Between the 1850’s and 60’s, the former settlement of Petersburg, Calif., was the largest mining town along the 16-mile stretch of the South Fork of Salmon River between Abrams at Big Flat and Cecilville.
Built on a sunny gravel bar, it had a hotel, stores, saloons, a butcher shop, a blacksmith, a sawmill, corrals, and many residences. Water from nearby gulches and ditches supported orchards and gardens. J. P. Jordan’s ranches at Rush Creek and Garden Gulch supplied fresh beef.

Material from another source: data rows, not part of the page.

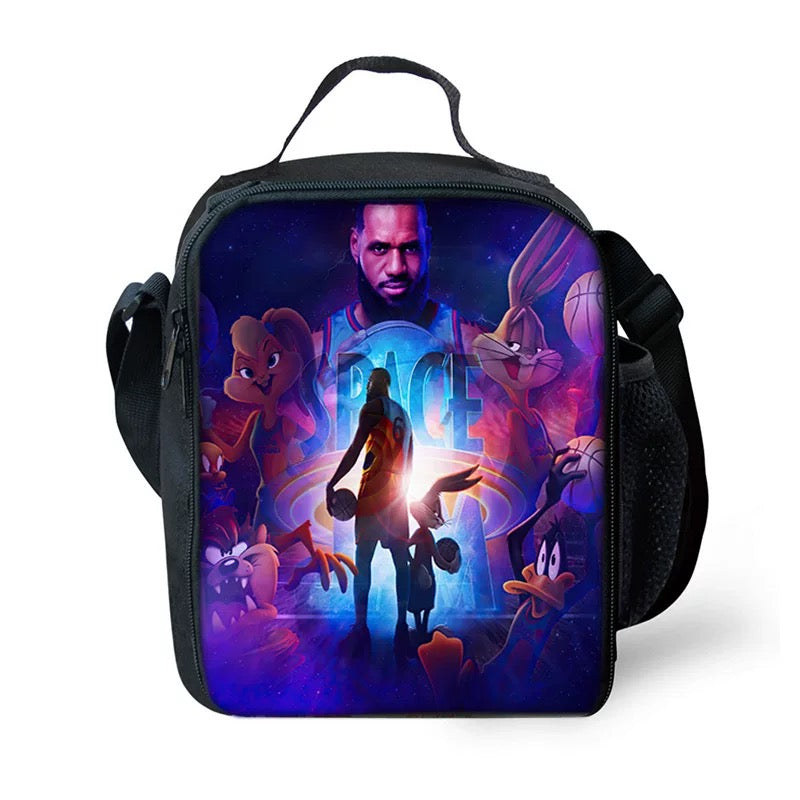 Space Jam A New Legacy Lunch Box Bag Lunch Tote For Kids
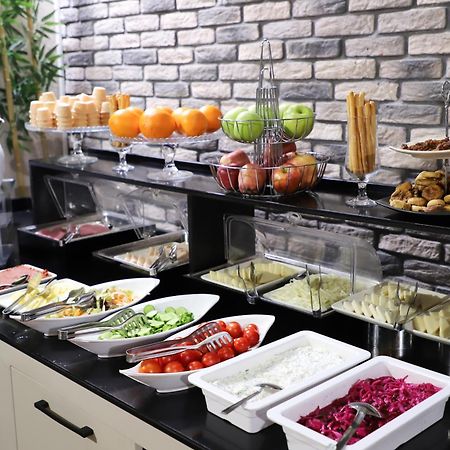 Hotel Myway Deluxe Alsancak Smirne Esterno foto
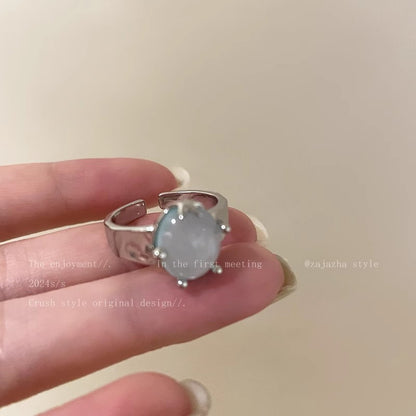 Colorful flower ring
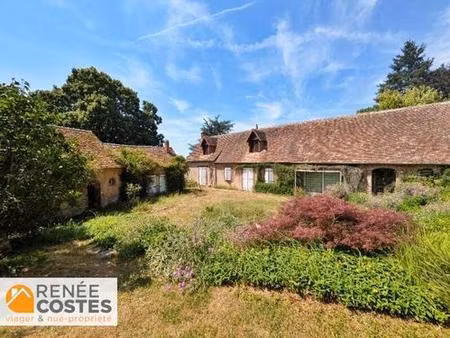 viager occupé - f73 ans - thorigne sur due (72160)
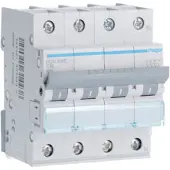 Hager Miniature circuit breaker mcb 3p+n 6ka c-16a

Others who ran businesses or pack trains through town included Arnold Nordheimer, W. P. Bennett and his partner Peter Miller, Kist and Davis, George H. Sightman, George Green Brown, George Wohlfert, Francis Abrams, and Thomas McGinnis Brown, who was the sheriff of Klamath County for 14 years.
A substantial Chinese community expanded at the lower end of Petersburg, the only section of the community to survive after the Salmon River Hydraulic Mining Co. closed in 1900.
Several Chinese mining companies located near Petersburg, as well as above the East Fork. There also were Chinese operations on the South Fork of Salmon River, Matthews Creek, Cecilville and Know Nothing Creek.
Sources: Wells, Harry L. History of Siskiyou County. Oakland, D.J. Stewart & Co, 1881, pp. 196-97. Fiorini-Jenner, Gail L., and Monica J. Hall. Western Siskiyou County: Gold & Dreams. Charleston, Arcadia Publishing, 2001, pp. 33-35.